### Your instructions
Go through the listing below, and from the line containing "Scena naturale nella" through its last line, transcribe every line exactly, skipping pictures.

### Data excerpts
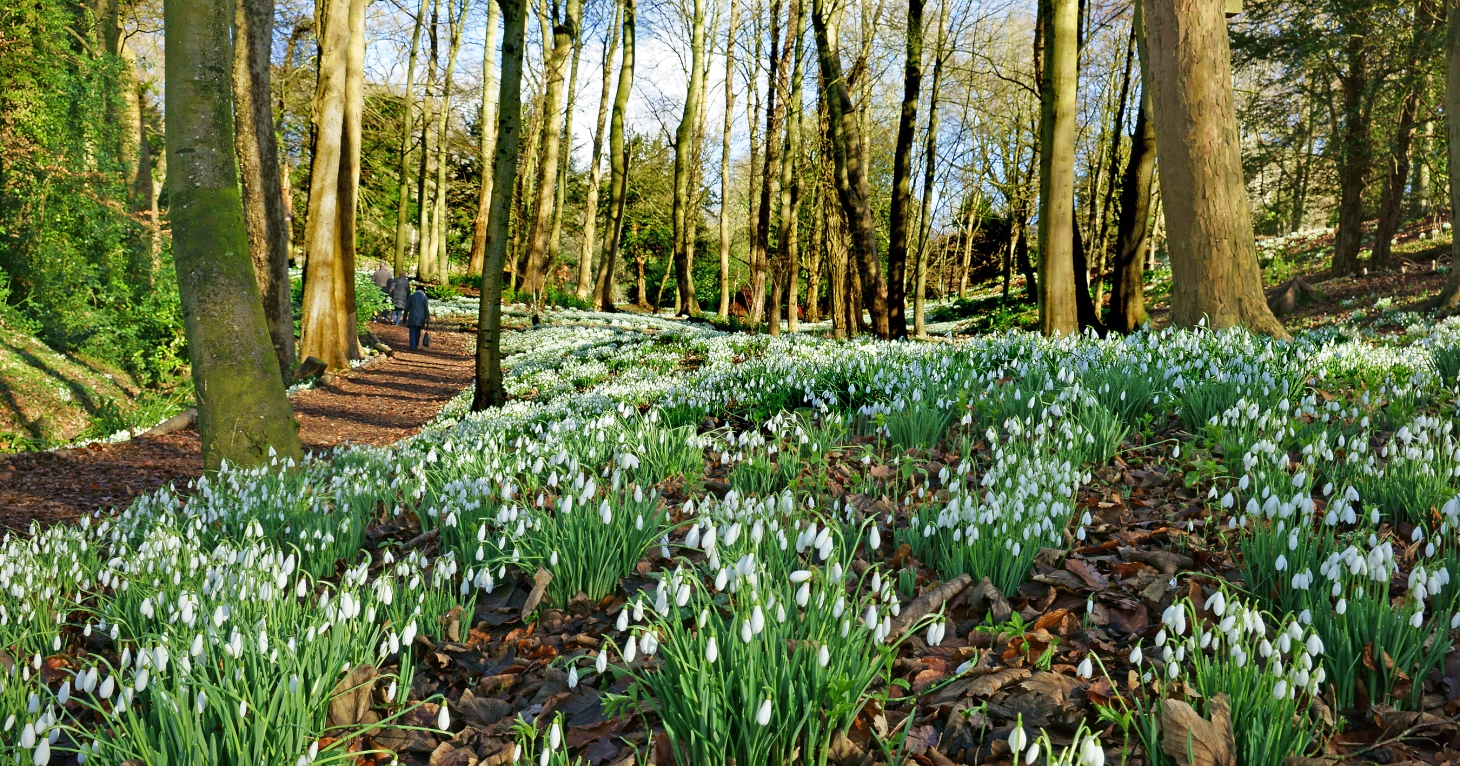 9 best places to spot snowdrops in Gloucestershire and the Cotswolds
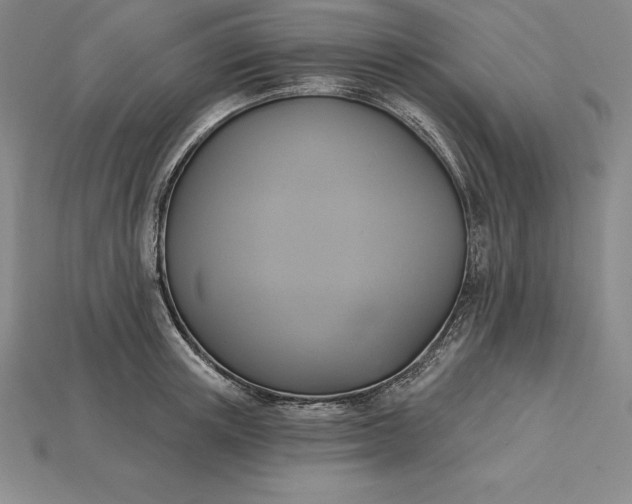 X0000115200851200911121840
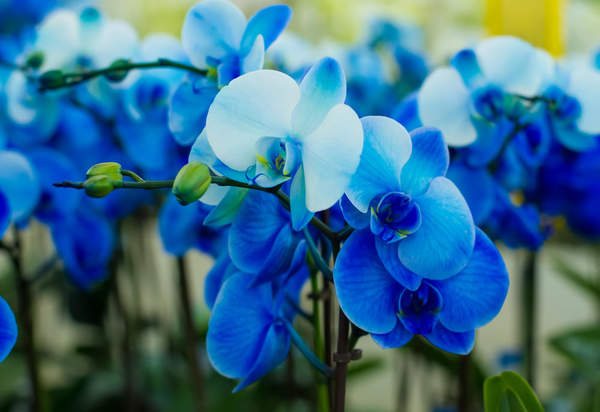 Букет из голубых орхидей
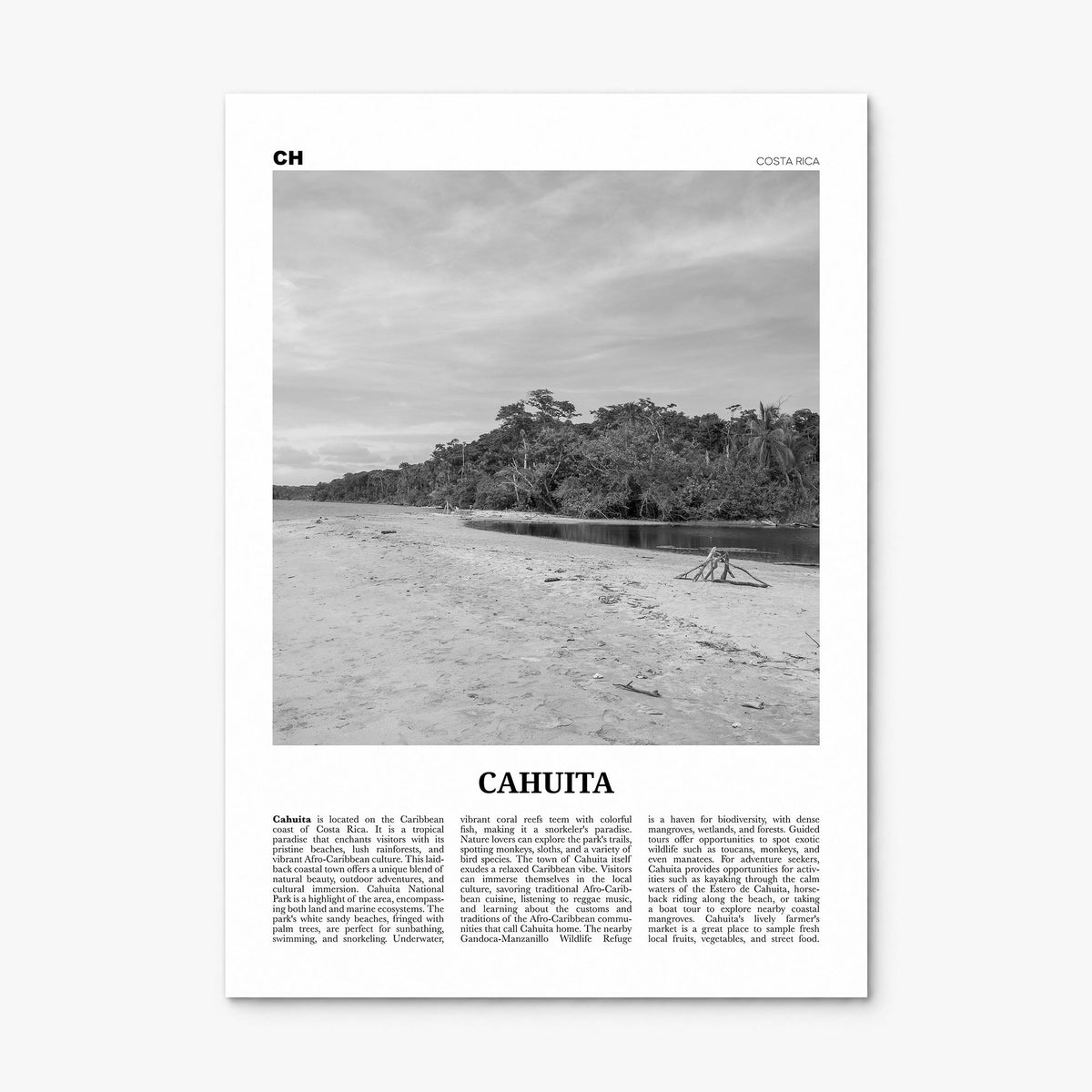 Cahuita Newspaper Poster, print only (unframed)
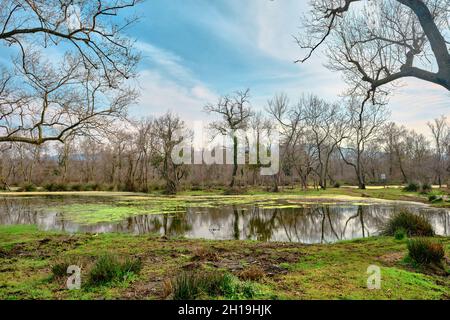 Scena naturale nella foresta di pianura a Karacabey Bursa. Alberi secchi e rami rotti con molti cespugli sull'acqua con riflessi sull'acqua con la montagna Foto Stock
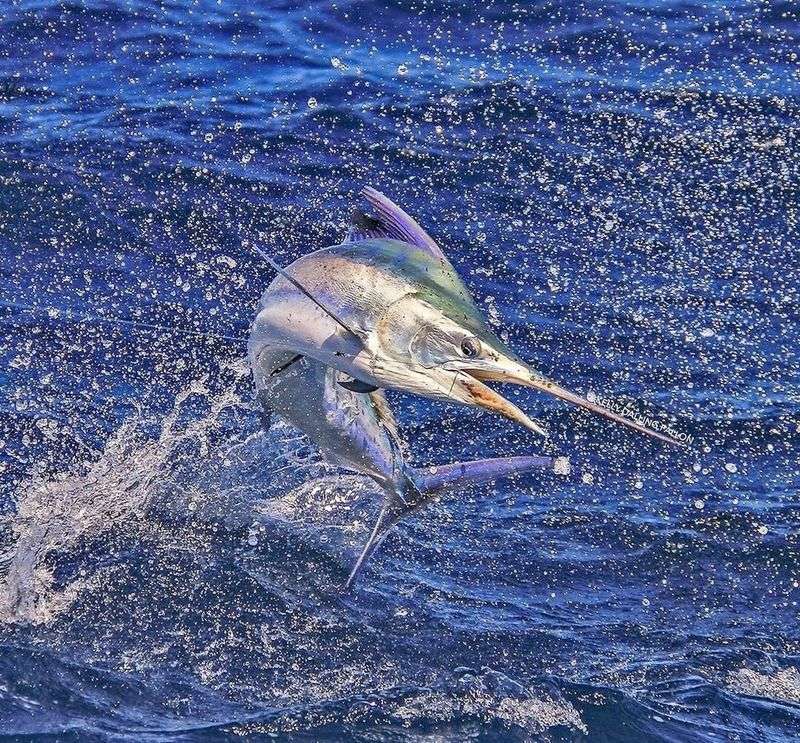 Black Marlin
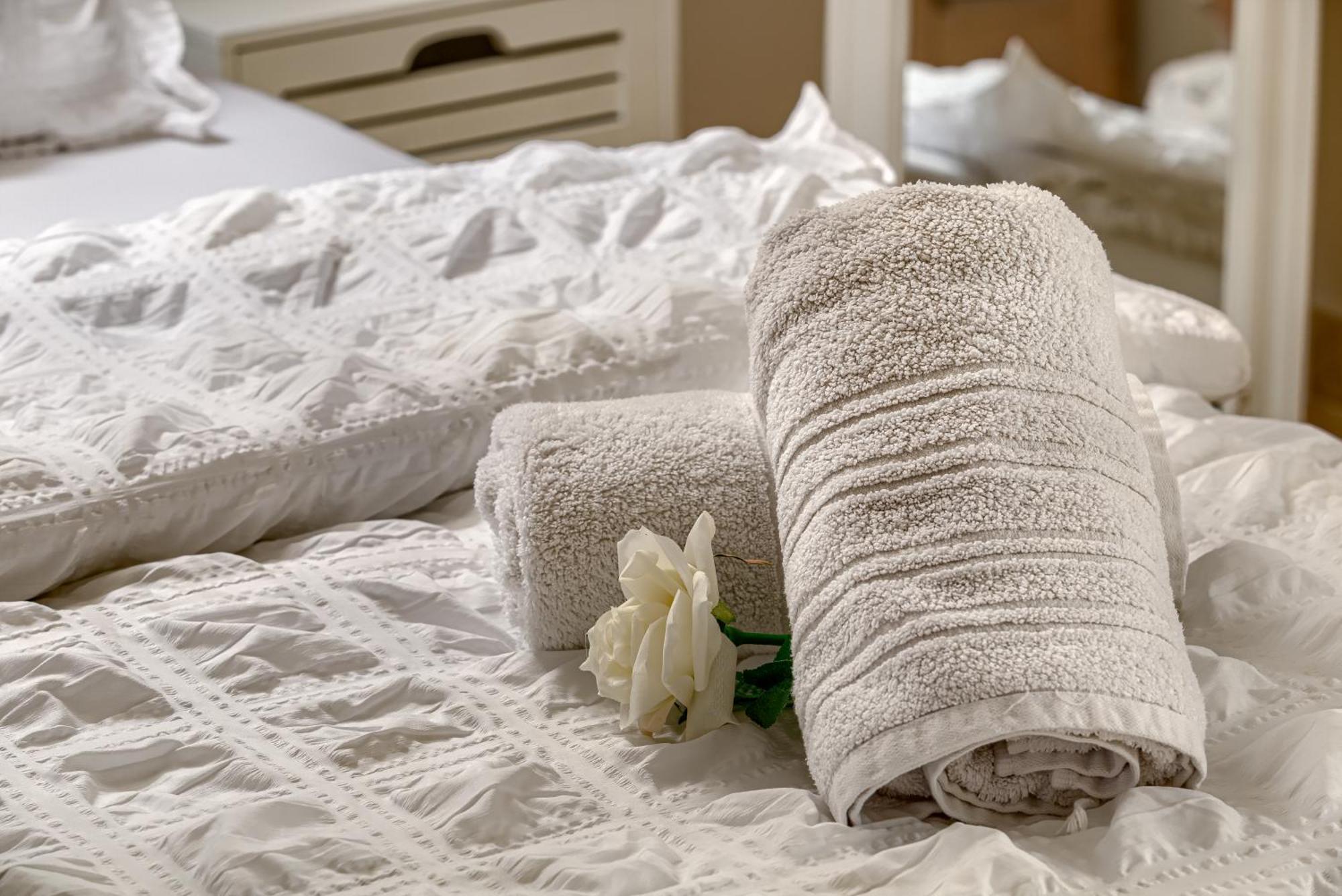 Sika Palladium Garden & Spa Central Apartment Arad Dış mekan fotoğraf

### Exercise result
 Scena naturale nella foresta di pianura a Karacabey Bursa. Alberi secchi e rami rotti con molti cespugli sull'acqua con riflessi sull'acqua con la montagna Foto Stock
 Black Marlin
 Sika Palladium Garden & Spa Central Apartment Arad Dış mekan fotoğraf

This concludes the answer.